4.2 BASIC ELEMENTS OF CODING
All forms of error control rely on the deliberate introduction of redundancy into the transmitted signal. Redundancy provides structure, and structure enables the receiver to detect and correct deviations caused by noise and other impairments. Redundancy is familiar in natural language. Written English, for example, contains substantial structural and statistical redundancy. Readers can often detect—and sometimes correct—typographical errors because only a limited subset of letter combinations form valid words.
Consider the three-letter word ‘fex’. It is immediately recognizable as invalid because few English words share that pattern. However, although the presence of an error is obvious, the intended word cannot be uniquely inferred.
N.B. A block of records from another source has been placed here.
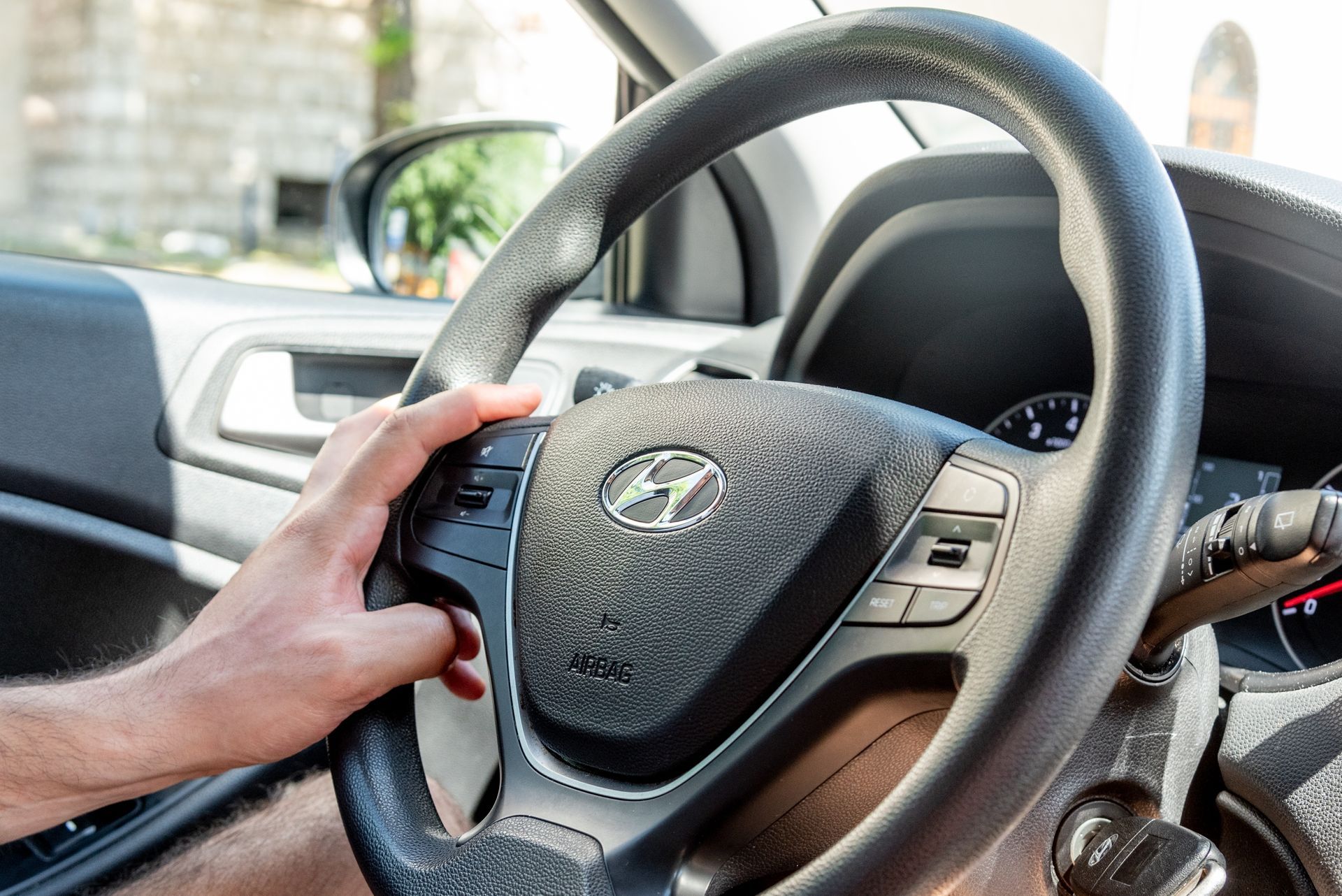 Hand on a car steering wheel, driving on a sunny street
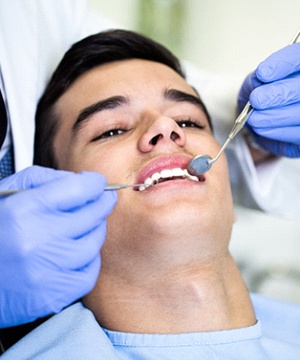 Male patient attending checkup with United Concordia dentist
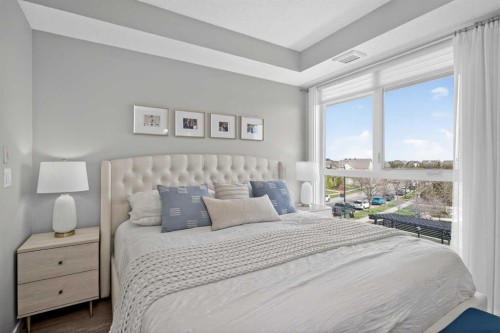 302-2231 Mahogany Boulevard Se, Calgary, AB - Indoor Photo Showing Bedroom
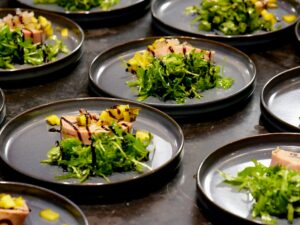 Elegant gourmet dish carefully plated with arugula, mango, and balsamic glaze.
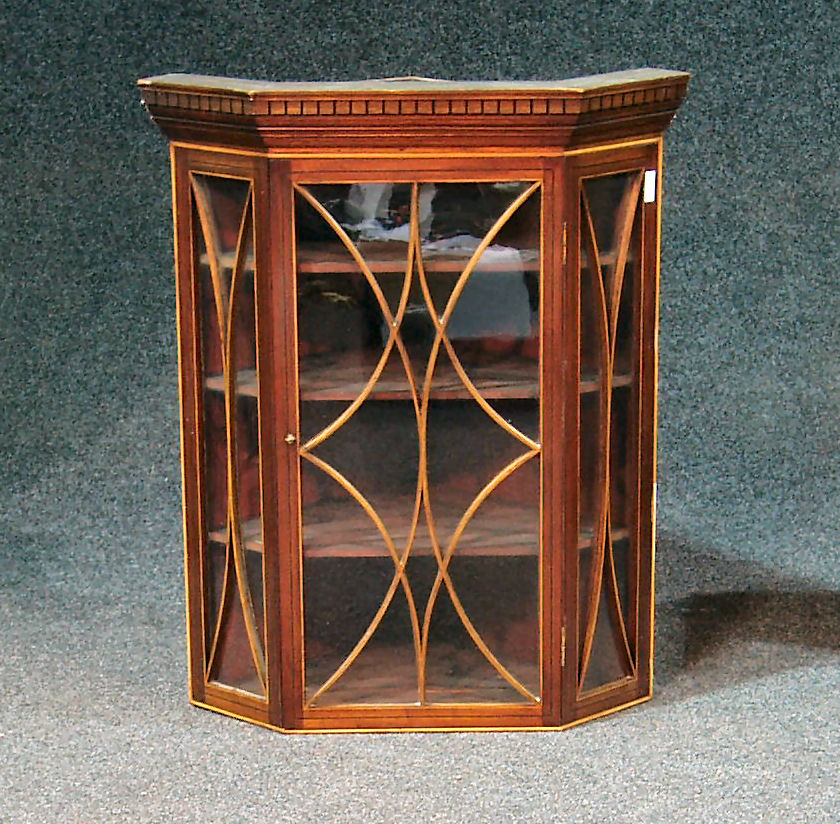 An Edwardian mahogany corner cabinet,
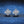 Pair of silver earrings with a star design on a blue textured background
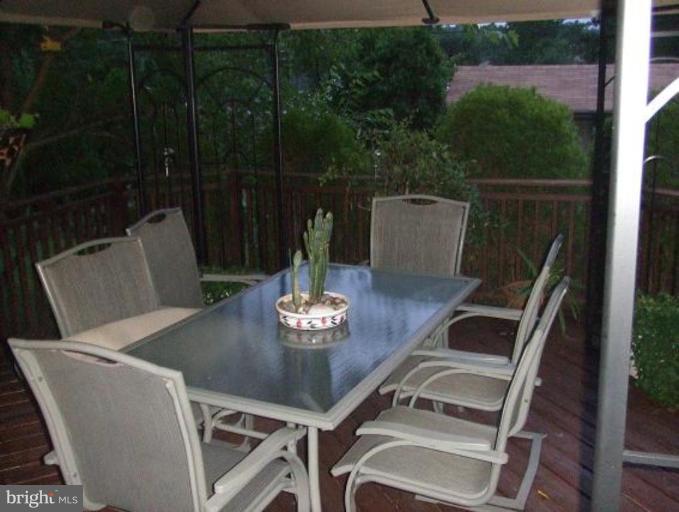 1818 Willann Road Rosedale, MD 21237 - Photo 2 of 25 a view of a table and chairs in patio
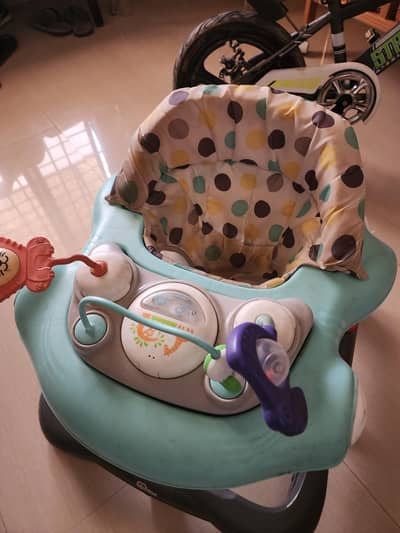 slightly used baby walker branded for sale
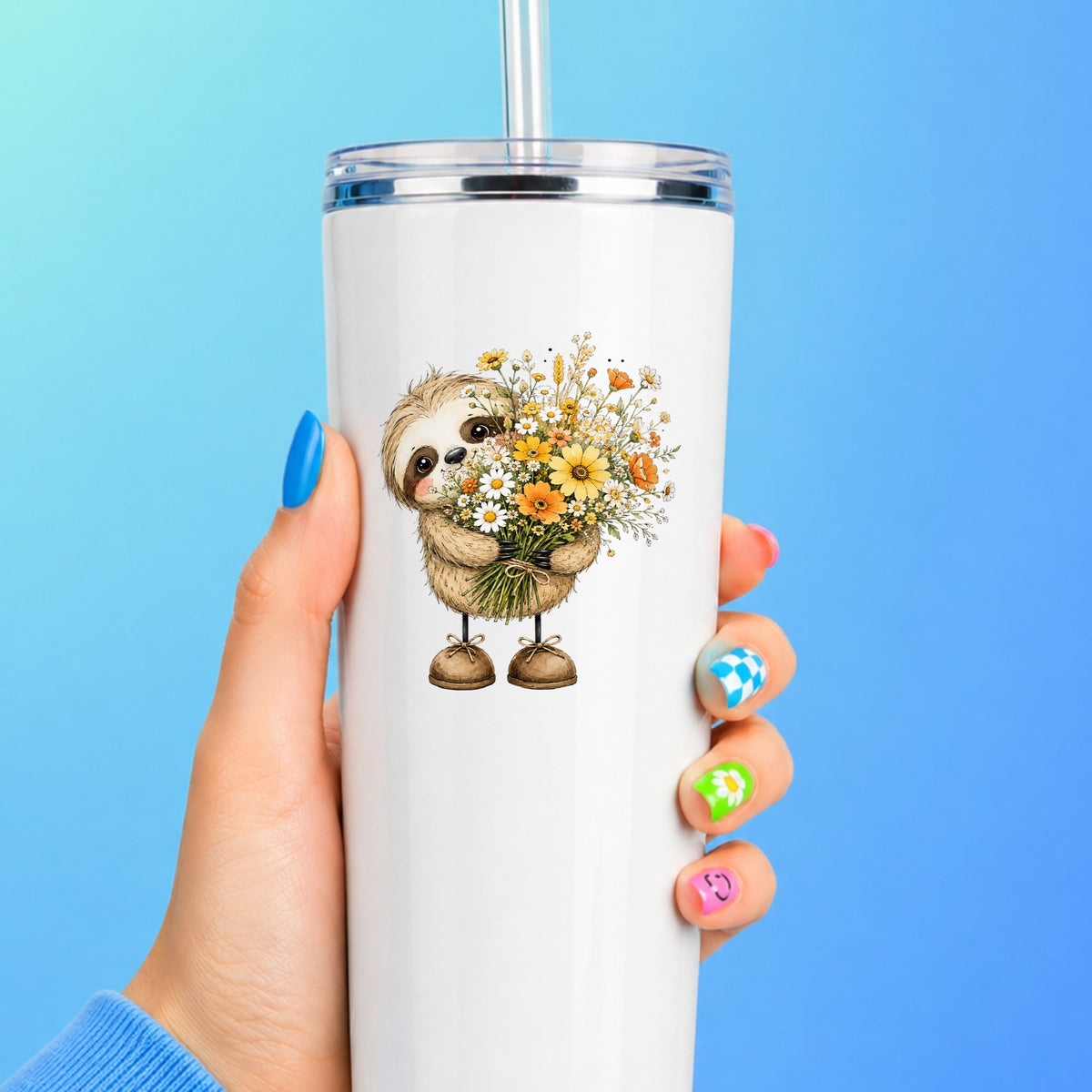 Baby Sloth Holding Wildflower Bouquet UV DTF sticker applied to a white straw tumbler on a blue background
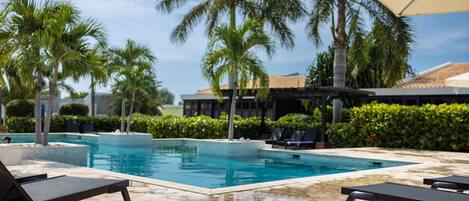 Uma piscina com espreguiçadeiras e guarda-sóis, cercada por palmeiras e um edifício com telhado de azulejos.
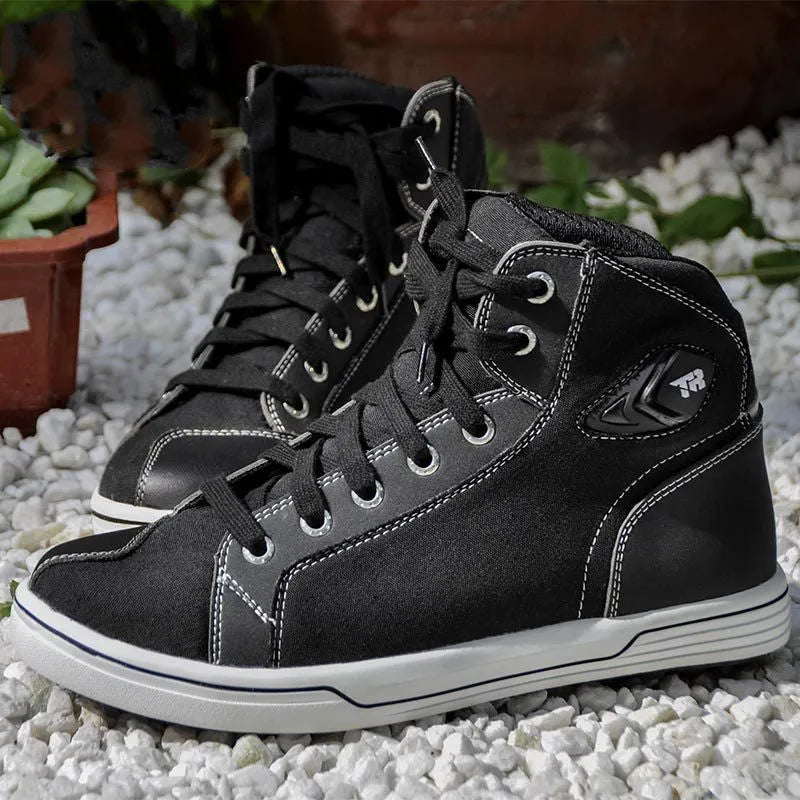 Black and grey men's casual motorcycle short boots with breathable panels and a non-slip sole.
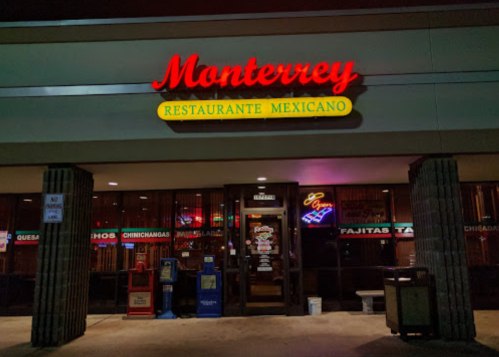 Exterior of Monterrey Restaurante Mexicano, featuring a brightly lit sign and colorful window displays.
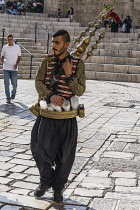 Israel, Jerusalem, East Jerusalem, A Palestinian Arab man with his copper teapot on his back sells a cold drink made of tamarind juice and rose water by the Damascus Gate.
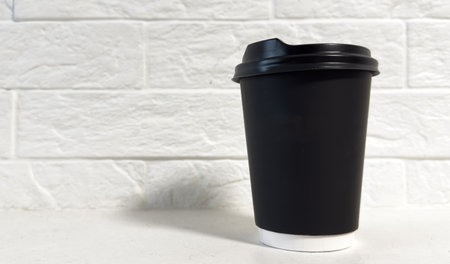 Closeup front view disposable black paper coffee cup with head isolated on white backgroundの写真素材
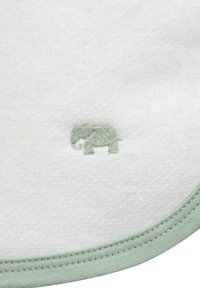 Bílá látka má na sobě světle zelenou vyšívanou logo slona, hladký povrch a zaoblený okraj v odpovídající zelené barvě.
It might have been ‘hex’, ‘fed’, ‘fee’, and so on. Even when a single-character error is assumed and it is known to be a three-letter word, the error still can’t be corrected.
If the errored word ‘fex’ occurs in the sentence ‘The quick brown fex jumped over the lazy dog’, the additional context stored in memory allows the receiver to conclude unambiguously that the intended word is ‘fox’. The surrounding words strongly constrain the number of plausible corrections, providing the extra redundancy required to resolve the ambiguity.
This simple example illustrates the power of making use of two levels of redundancy—in our simple example, the redundancy in the English language has allowed the detection of an error in a three-letter word; the distributed redundancy across the sentence has allowed its correction.
So, in general, redundancy enables error detection and correction. If redundancy is present, a receiver can identify that a received message is not one of the valid combinations. With sufficient redundancy, the error can be detected and corrected. Without redundancy, however, every possible sequence is valid, so that a corrupted message is indistinguishable from an intended one.
If natural redundancy is so useful, why do we need to add redundancy through channel coding? The reason is that source coding (compression) deliberately removes redundancy to make transmission more bandwidth-efficient. This means that, after source coding, any bit error becomes significant, as there is no built-in redundancy to assist in detection or correction.
Furthermore, encryption reduces redundancy even further by randomizing the data. Encrypted messages have near-uniform statistical distributions, so that any bit change produces another plausible but incorrect message. Additionally, not all data sources have inherent redundancy. For example, in a computer program, changing a single instruction bit can lead to catastrophic system failure. To protect such data, channel coding reintroduces controlled redundancy—structured and mathematically defined—to detect and correct errors introduced during transmission.